Si les problèmes d'égos sont encore loin du football féminin (la différence à ce sujet entre le foot masculin et féminin n'est plus à démontrer), qu'en est-il du niveau du championnat de France par rapport aux championnats étrangers ? Manon Guitard et Télénie Sissoko ont répondu avec beaucoup de franchise : "La D1 est quand même attractive selon moi, par rapport aux autres championnats, car elle attire beaucoup de joueuses étrangères. Les clubs comme Lyon, Montpellier ou Paris ça attirent forcément. Comparé à d'autres championnats je ne pourrais pas le dire, parce que je ne sais pas comment ça se passe ailleurs. Après je pense que le championnat espagnol se développe de plus en plus, comme le championnat de France, et ça se voit aussi au niveau de leurs résultats au niveau international, car les jeunes sont pas mal en Espagne, l'équipe senior également commence à progresser. A rappelé Manon Guitard. Après c'est sûr que la façon dont ça se passe, ça n'incite pas à ce que des clubs comme Rodez reste indéfiniment au plus haut niveau. Maintenant ça fait quand même 9 ans qu'on y est, on a encore envie d'y être, on travaille pour y perdurer et on fera tout pour y rester." a conclu Manon Guitard.

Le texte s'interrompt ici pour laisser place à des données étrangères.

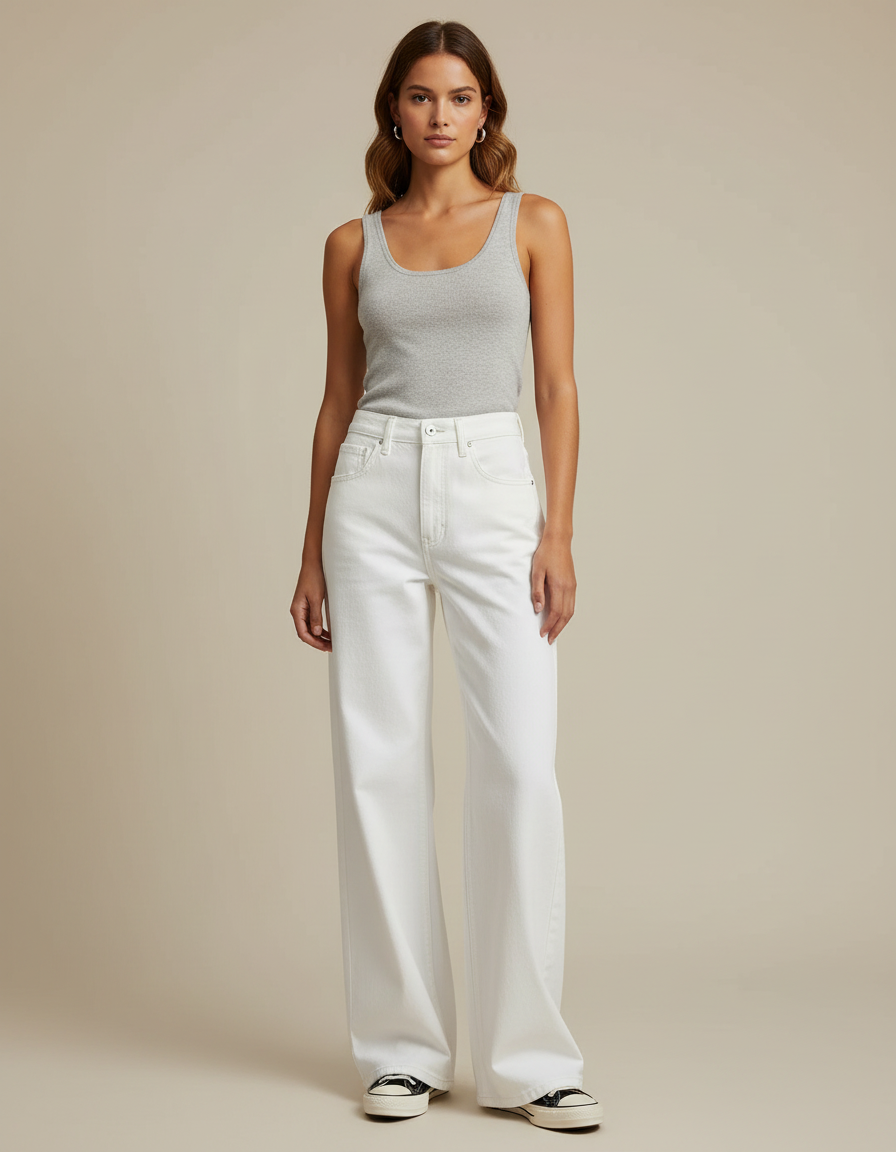 Pantalon Blanc Large Fluide Taille Haute Femme - Jean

La capitaine du FC Fleury le pense également : "Oui ça fait partie de l'évolution du football et ça va commencer par là [avec la professionnalisation]. A un certain niveau je pense qu'on est un peu en retard. Mais je suppose que le championnat de France va évoluer par rapport à cela et va continuer de s'améliorer. Au vu des retombées médiatiques avec la présence de Canal, je pense que le niveau va s'élever et on va être obligés comme la Ligue Anglaise, de se professionnaliser complètement." "On a de la chance d'avoir des clubs professionnels et structurés comme Paris, Lyon et Montpellier et d'autres qui commencent vraiment à tendre vers ce professionnalisme, donc c'est bon signe, mais c'est vrai qu'il va falloir palier ce manque là, parce que c'est sûr que dans 2/3 ans si on arrive pas à faire ça, ils auront toujours un temps d'avance sur nous." a-t-elle expliqué pour conclure.